### Exercise goal
The entries below contain pictures, which are to be left out; write out exactly, and only, the lines from the line with "ヒートマップ - 井上　直輝" up to and including the line with "Page 170 / 277".
#### Information shown
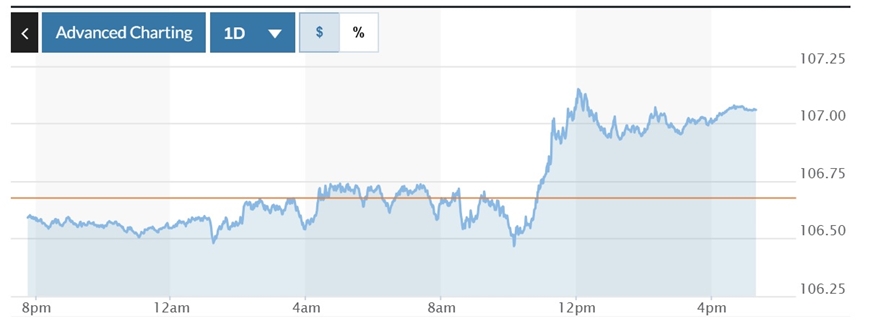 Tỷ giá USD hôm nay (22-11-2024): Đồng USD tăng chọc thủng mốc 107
########
#### Information shown
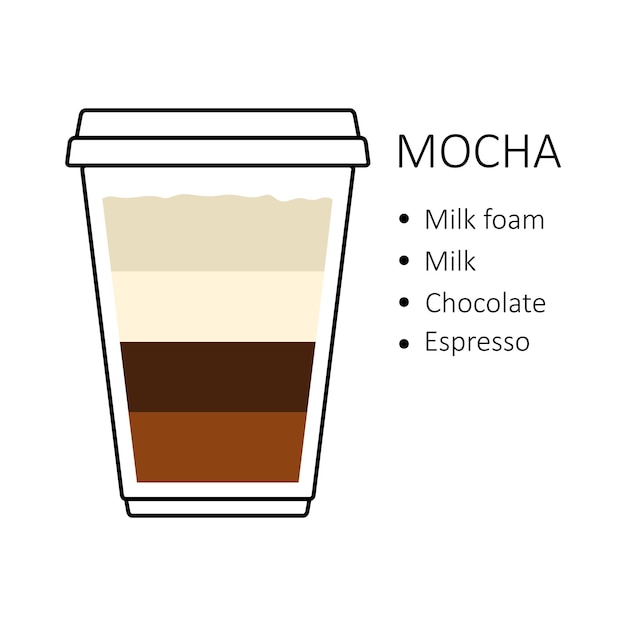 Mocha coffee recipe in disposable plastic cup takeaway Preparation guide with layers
########
#### Information shown
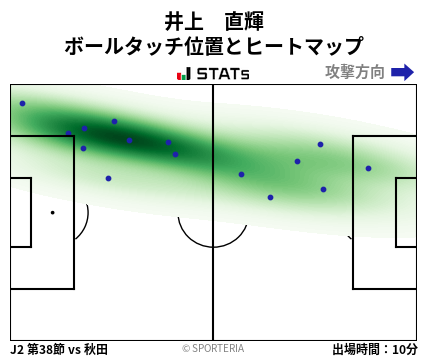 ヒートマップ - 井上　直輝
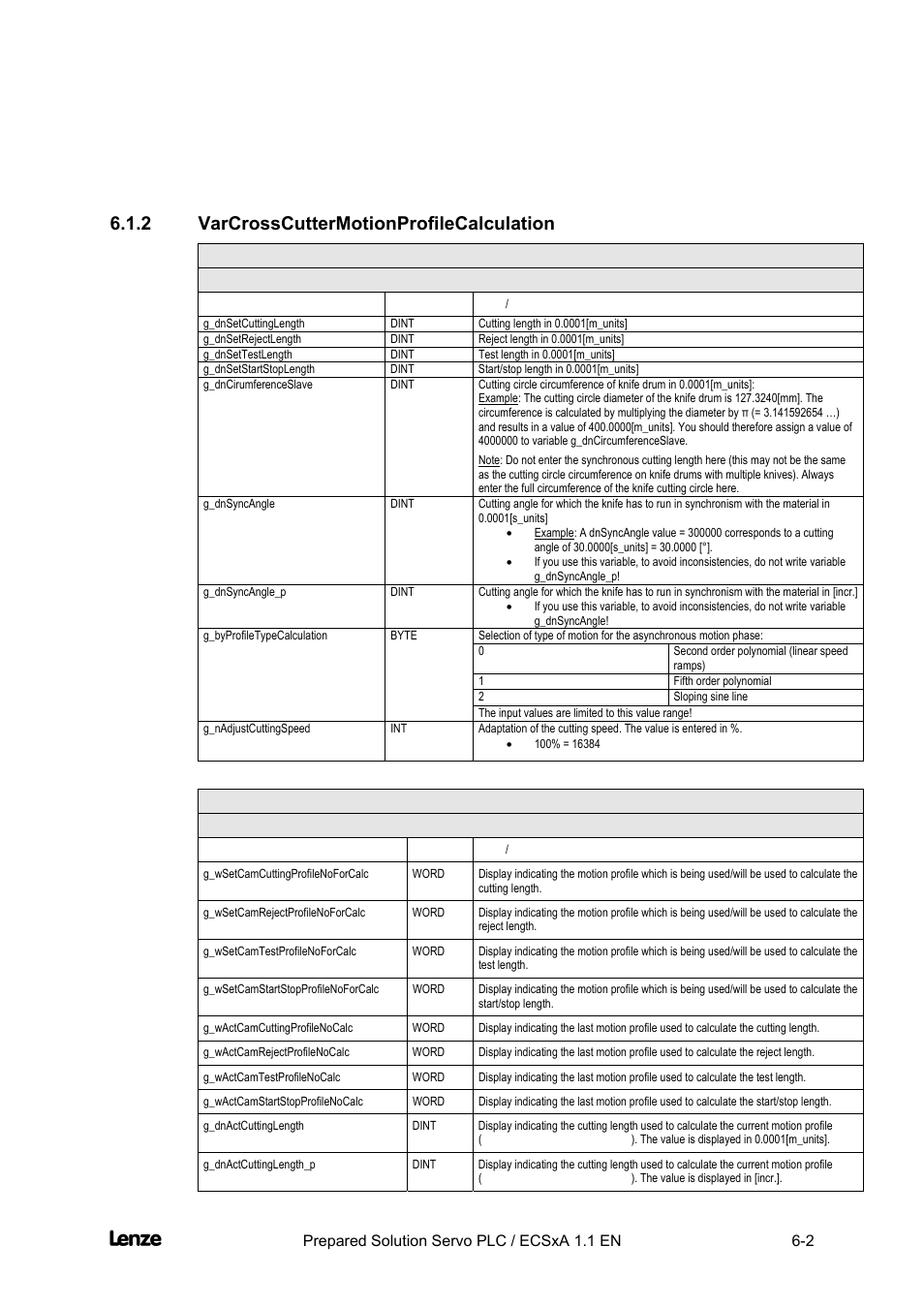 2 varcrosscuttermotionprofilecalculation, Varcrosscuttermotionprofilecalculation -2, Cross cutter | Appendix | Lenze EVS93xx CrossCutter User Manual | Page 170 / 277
########
### Task output
 ヒートマップ - 井上　直輝
 2 varcrosscuttermotionprofilecalculation, Varcrosscuttermotionprofilecalculation -2, Cross cutter | Appendix | Lenze EVS93xx CrossCutter User Manual | Page 170 / 277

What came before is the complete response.